# TASK REQUIREMENTS
Further down are entries; set down exactly and only the lines from the one with "Squash Casserole with Ritz Crackers" up to and including the one with "Yenna Redtooth Regent", dropping each picture.

[RECORD EXCERPTS Boundary: Start]

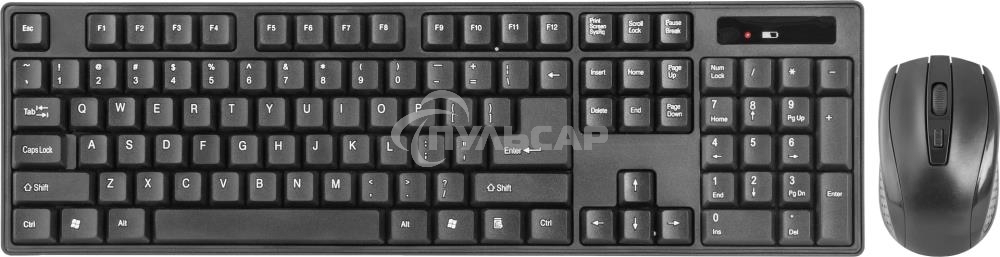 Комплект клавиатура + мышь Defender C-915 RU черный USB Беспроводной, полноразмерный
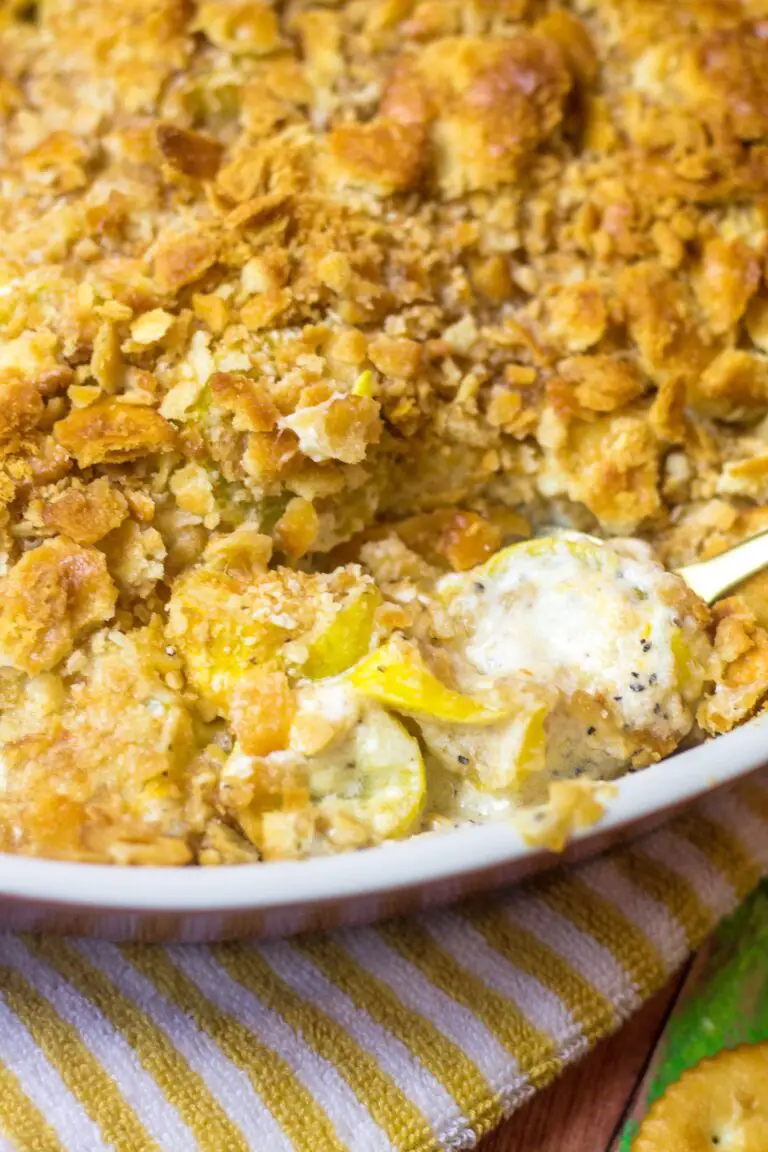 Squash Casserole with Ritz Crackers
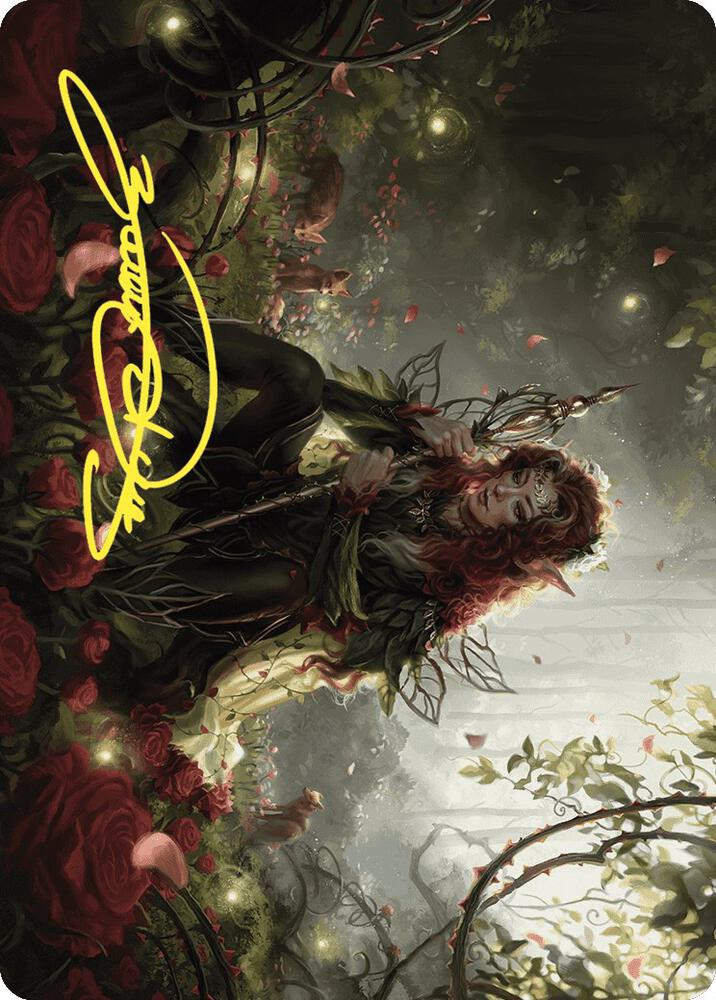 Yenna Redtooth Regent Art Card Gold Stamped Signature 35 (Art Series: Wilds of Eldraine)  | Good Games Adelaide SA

[RECORD EXCERPTS Boundary: End]
[RECORD EXCERPTS Boundary: Start]

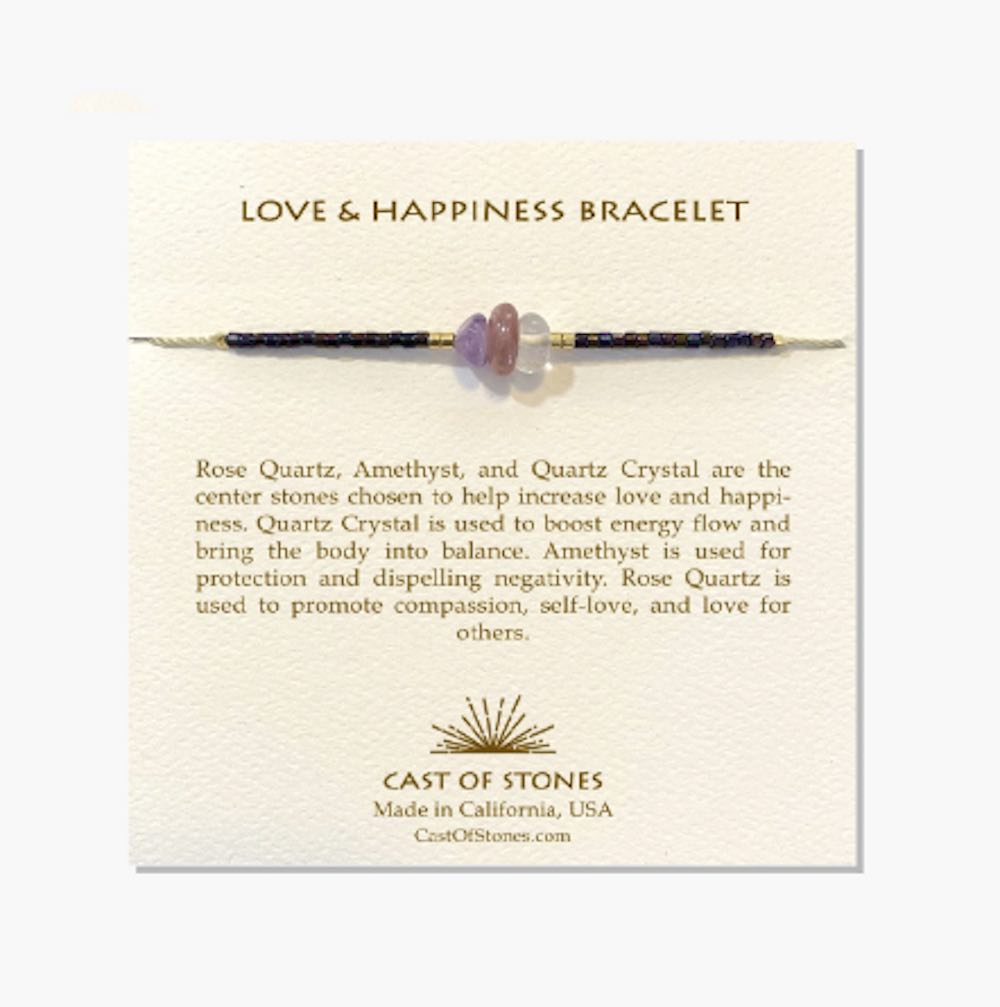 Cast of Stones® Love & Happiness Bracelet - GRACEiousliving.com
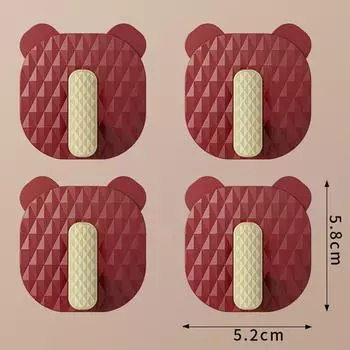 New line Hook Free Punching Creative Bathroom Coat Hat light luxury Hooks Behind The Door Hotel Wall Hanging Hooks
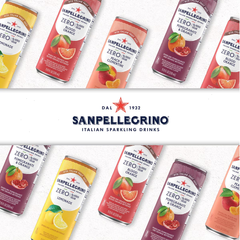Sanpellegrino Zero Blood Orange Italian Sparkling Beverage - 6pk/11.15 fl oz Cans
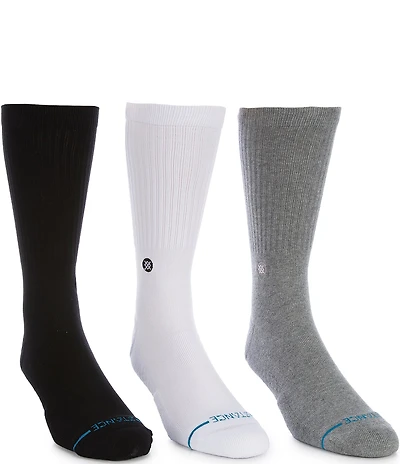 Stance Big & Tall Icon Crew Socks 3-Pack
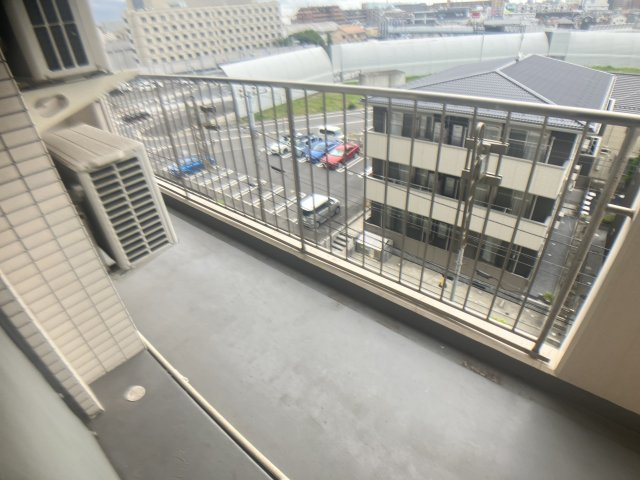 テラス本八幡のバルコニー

[RECORD EXCERPTS Boundary: End]

# SOLUTION BELOW
 Squash Casserole with Ritz Crackers
 Yenna Redtooth Regent Art Card Gold Stamped Signature 35 (Art Series: Wilds of Eldraine)  | Good Games Adelaide SA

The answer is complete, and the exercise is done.